We drove back to their hotel and Jack got out of the car to wake Johnson up and get his suitcase along with the rest of his clothes. I say in the car thinking to myself, how I would continue when I've been on my high horse for so many weeks with both Jacks and now their both being snatched away from me at once.

This part, I don't think, is something to cry about. It will not be one of those romantic airport scenes where we hold each other and express our undying love for each other, because we'll see each other in less than a year. But as I say it in my head, that is a long time. I'll see Johnson soon, but not Jack G.

It's annoying because we've already spent a year apart, and now here's another one.

I guess it will be different though, a lot different. Technology is insane and we can always FaceTime, text, and call each other. I think it'll be rather fun, and kind of cute. Thinking about him smiling over a video chat gives me little butterflies. We sort of talked about it last night, but at the same time tried to avoid the subject. All he said was that talking to me and laying in bed while everyone else is at parties sounds more than fun to him, which is completely untrue, but it's nice that he says that.

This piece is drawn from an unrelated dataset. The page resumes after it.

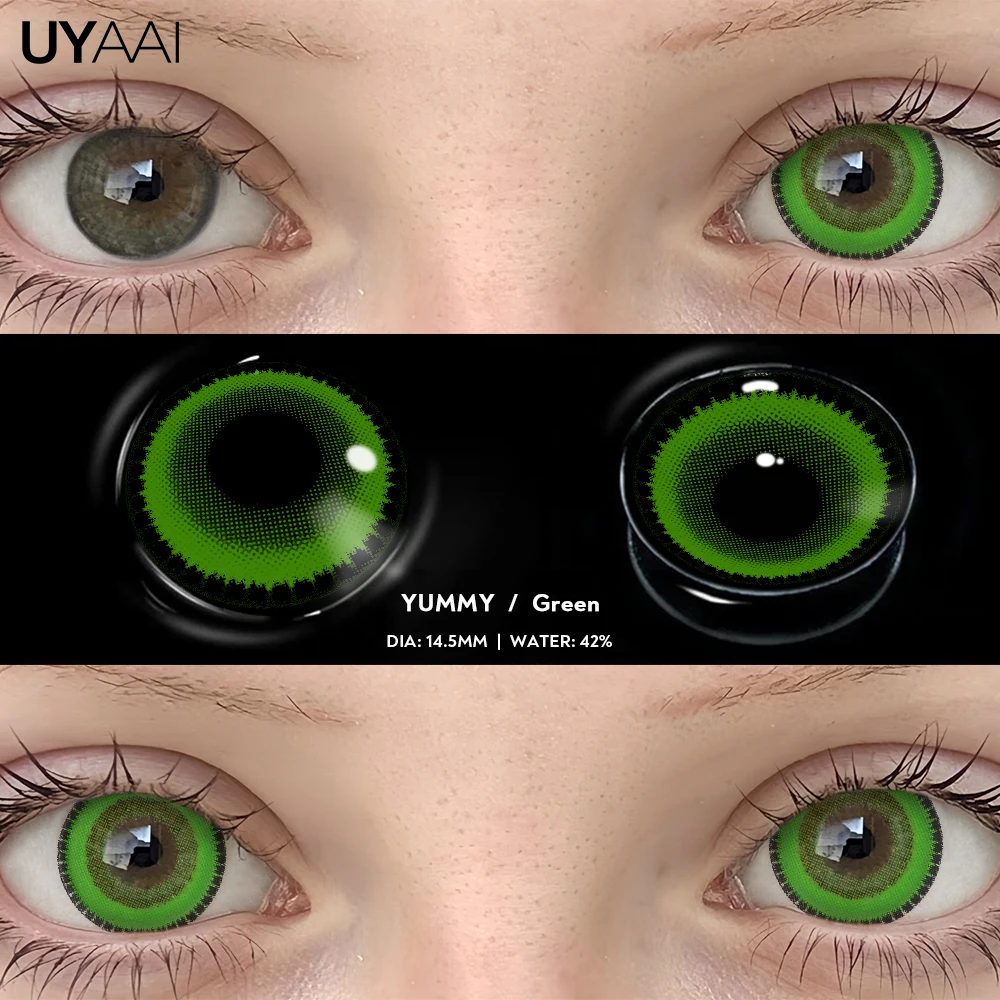 UYAAI Farbkontakt Cosplay Farbe Schüler Make-up Schönheit Grüne Linse 14,5 mm Schwarze Linse Frau Cosplay Rote Linse Halloween Weiße Linse – Detail 11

Johnson comes out of the hotel front doors, puffy eyed with his loose backpack hanging off his shoulder. Jack G is so much taller than him, it's weird how they blend. I don't know what, but Jack nudges Johnson before saying something that I can't make out, the sides of his mouth softly turn up before he lightly shakes his head and mumbles something.

Jack G's head falls back and he claps his hands together in youthful laughter, I'm glad they have each other.

-

The lady let me go to the gates, which I don't think is allowed. The JFK airport is so big so I thought she wouldn't, but she was old, I actually don't think she was paying attention to any of us.

The three of us were tired and the thought of going home and crashing onto my bed was really appealing, but I wish Jack would be in it with me.

"Don't cry. I'll see you in a month." Johnson's sarcastic, raspy voice says into my hair.

I laugh, "shut up." I mumble against his shoulder. He's right, that's why I'm not sobbing over him because I'll be practically seeing him every weekend, it's the Jackass one that I don't want to let go of.